# Smoked Pepper Jack



## tom kish (Jan 21, 2012)

Well, this is my first attempt at cold-smoking cheese.  Although I'm not a fan of cheese, the wife is, and she loved an Amish-style smoked pepper jack I brought home years ago.  Since I think I've figured out my AMNS, I decided to give it a whirl.  

First, I needed to "re-purpose" a small grill...








Next, I sliced the one pound block of cheese into approximately 1" thick slices.







Then, I smoked it for about 3.5 hrs. over Hickory dust.

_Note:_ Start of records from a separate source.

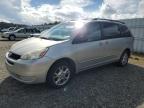 2005 Toyota Sienna Le for Sale in Anderson, CA - Rear End
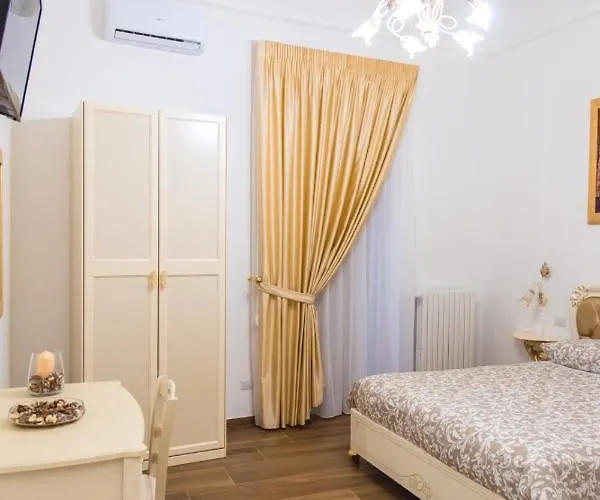 Guest house Palazzo Le Travi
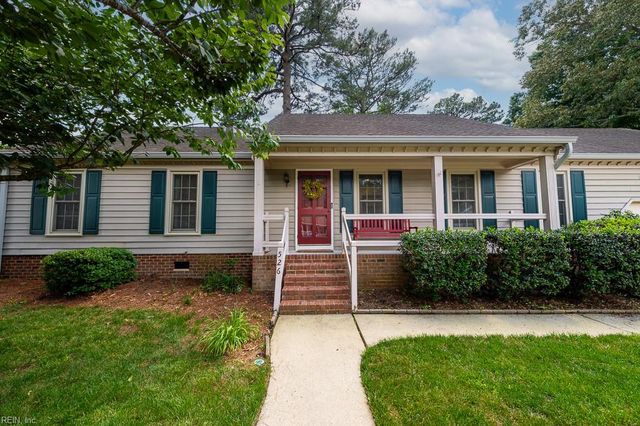526 Wittington DR, Chesapeake, VA 23322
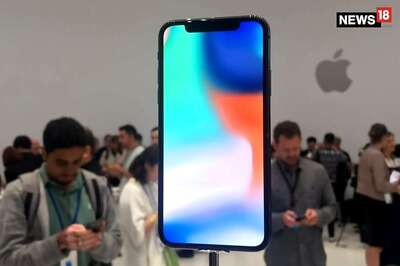 iPhone X Destroys Samsung Galaxy Note 8 and OnePlus 5 in Geekbench Score
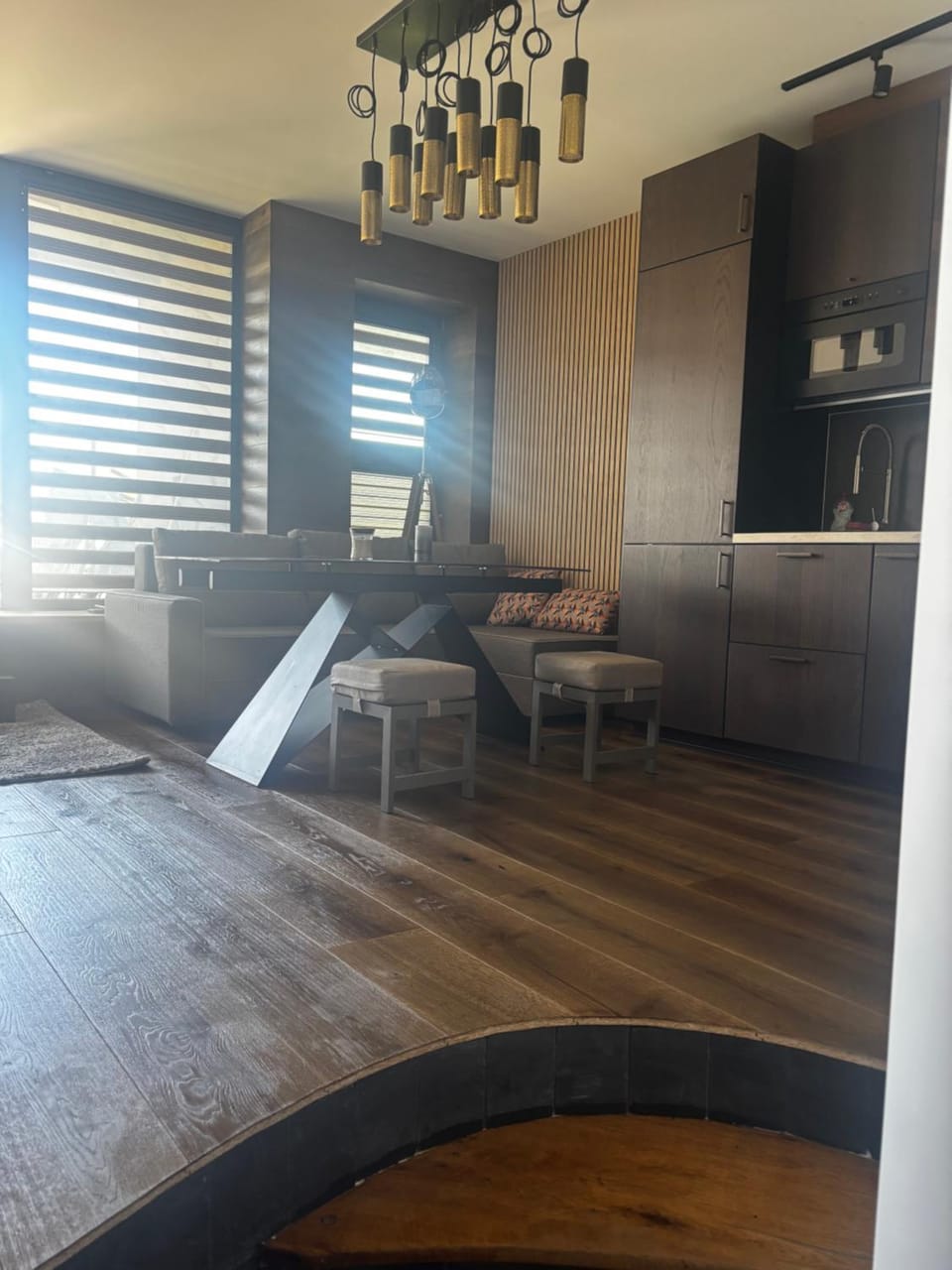 Pas Leja Apartment in Palanga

Brought it in, let the wife sample a little bit before vacuum sealing to let the flavor distribute.  Hopefully, in a couple of days it'll be as good all the way through as she said it is now.


----------



## scarbelly (Jan 21, 2012)

Looks great Tom


----------



## alblancher (Jan 21, 2012)

Once you start,  you just can't stop!  What next on the menu?


----------



## sprky (Jan 21, 2012)

alblancher said:


> Once you start,  you just can't stop!  What next on the menu?


----------



## tyotrain (Jan 21, 2012)

Looks great nice job.... Love me some smoked cheese


----------



## tom kish (Jan 21, 2012)

Scarbelly said:


> Looks great Tom


Thank you.  I had looked through some threads before I had joined up, and once I lifted the lid, and saw that color, I was a happy smoker.




alblancher said:


> Once you start,  you just can't stop!  What next on the menu?


I'm almost certain there will be a list of cheeses for me to pick up and smoke after this.  
	

	
	
		
		



		
		
	


	








sprky said:


>


And, there might be a batch of Almonds that went in right after...


----------



## teeznuts (Jan 21, 2012)

Nice color! Now run out and get some more cuz it goes fast once the 2 weeks are up.


----------



## mballi3011 (Jan 21, 2012)

Everything looks awesome to me.


----------



## SmokinAl (Jan 22, 2012)

Looks great, nice color!


----------